Students in England are to be offered accelerated two-year degree courses which will cut tuition fees by 20 per cent, if new government proposals are approved.
Universities will be allowed to charge higher annual rates for the condensed courses – but, because there will be one fewer year compared to traditional degrees, the overall price will fall.
Sam Gyimah, universities minister, announced the plans in a statement on Sunday.
He said centres would charge about £11,000 a year for the fast-track learning, which would mean students coughing up roughly £5,750 less for the full course, which is £27,750 for three years.
And he added that he hoped the proposals would widen the appeal of higher education by making the resulting debt more manageable and reducing the time commitment required.
“Accelerated degrees not only make it possible for the next generation of students to access higher education and the undeniable financial, academic and personal benefits it has to offer but drives the sector to offer dynamic choices that serve students’ needs,” he said.
The courses would have the same number of teaching hours but crammed into two extended 45-week years.
But the plans – which will raise annual fees above the legal cap of £9,250 – will first require parliamentary approval.
If that is forthcoming, Mr Gyimah says such courses could potentially operate from next year.
A previous consultation said the government should aim to have 5 per cent of all students taking the shorter courses within 10 years.
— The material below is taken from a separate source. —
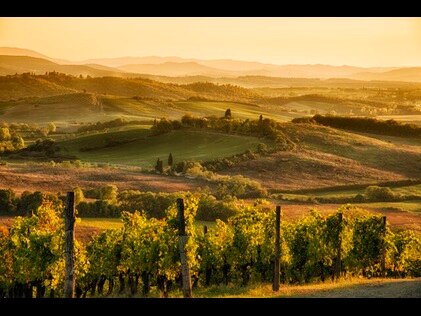 Vineyards glowing with autumn sunset hues.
However, the head of one of the first universities to offer two-year degrees more than 40 years ago has warned that many centres will find it difficult to adapt.
Sir Anthony Seldon, vice-chancellor of the University of Buckingham, said: “Two-year degrees are a more efficient and cost-effective method for students to get on with their careers and their lives.”
But he told the BBC: “Universities offering three-year degrees will find it difficult to restructure.
“We would like the universities minister to engage in discussions with us in order to assist independent providers who offer two-year degrees.”
The University and College Union, which represents researchers and teaching staff, also expressed concerns.
It said there was “an educational risk that fast track programmes will make it harder for students to combine study with periods of reflection, critical thinking and a ‘deep approach’ to learning”.
It added it would also make it harder for them to earn money at the same time as studying, and would make it harder for those studying while trying to juggle other responsibilities like childcare.